Une demi-saison plus tard, auréolé de 22 buts en 15 matchs, celui qui était l’un des plus grands espoirs de sa génération devint une icône à Vukovar. D’autant plus qu’il montra aussi sa force de caractère dans les moments difficiles. Un jour après le décès de sa mère, il appela son entraîneur, bien ennuyé de jouer sans son meilleur élément, pour lui dire qu’il allait disputer le match de coupe contre Rijeka. Un match au cours duquel il marqua deux buts. Bastia, flairant le bon coup, décida de se faire prêter le joueur, mais ne lui donna que l’occasion de briller en CFA. Popovic partit à Osijek, non loin de Vukovar, et il fut à nouveau performant. À tel point qu’il se fit remarquer et signa un pré-contrat avec le Borussia Dortmund. Un pré-contrat qui ne deviendra jamais un contrat. Le destin voulut que Popovic mourût lors d’un accident de voiture à Borovo, quatre jours après avoir inscrit ce qui allait être le dernier tir au fond des filets de sa vie.
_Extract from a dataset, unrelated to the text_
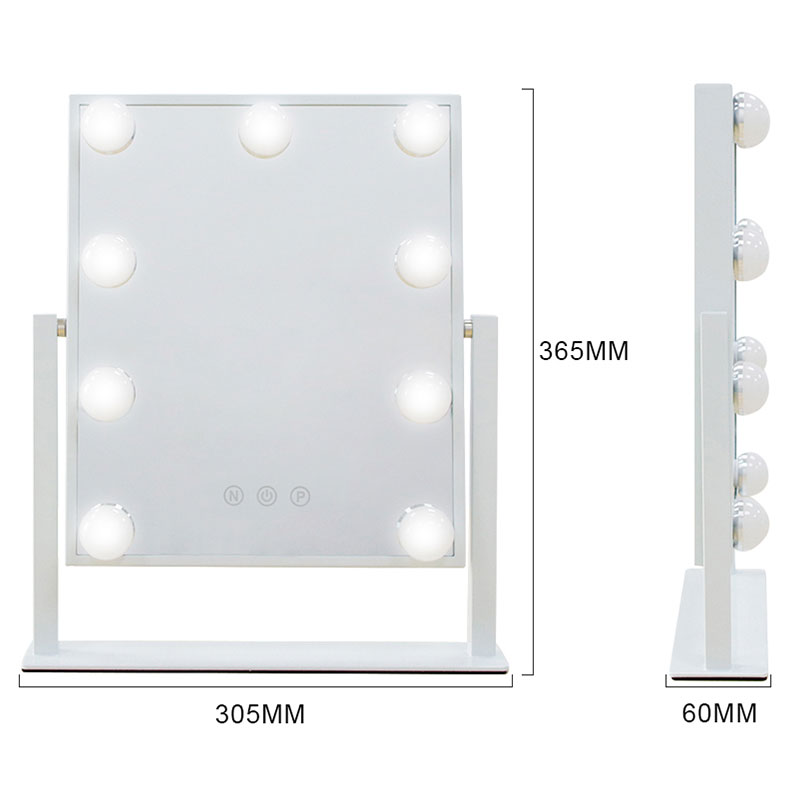 Brightness Adjustment Makeup Mirror with 9 PCS Bulbs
Une vie commencée à Vukovar, finie 20 ans plus tard à Borovo, tout un symbole !
Au cours de la saison où Popovic étincela, marquant ses 22 buts, Vukovar termina premier de sa poule nord. Une finale contre Sibenik, vainqueur de la poule Sud, devait décider de l’accession en première division. Mais sans sa pépite, Vukovar ne passa pas l’obstacle, perdant 4-3 après un 0-0 à l’aller. « C’était un vol, un braquage horrible, une des choses les plus laides à laquelle j’ai pu assister dans ma carrière. Quand j’y réfléchis, je me dis qu’ils ne voulaient pas avoir trois clubs de première division sur un si petit espace (Osijek et Cibalia étaient alors en prva liga, NDLR), et que rien n’a été laissé au hasard», évoque plus de dix ans plus tard l’entraîneur de l’époque. De telles opportunités ne se présenteront plus jamais. Et en 2008, miné par des problèmes financiers, le HNK Vukovar ‘91 descendit jusqu’à la faillite en février 2012.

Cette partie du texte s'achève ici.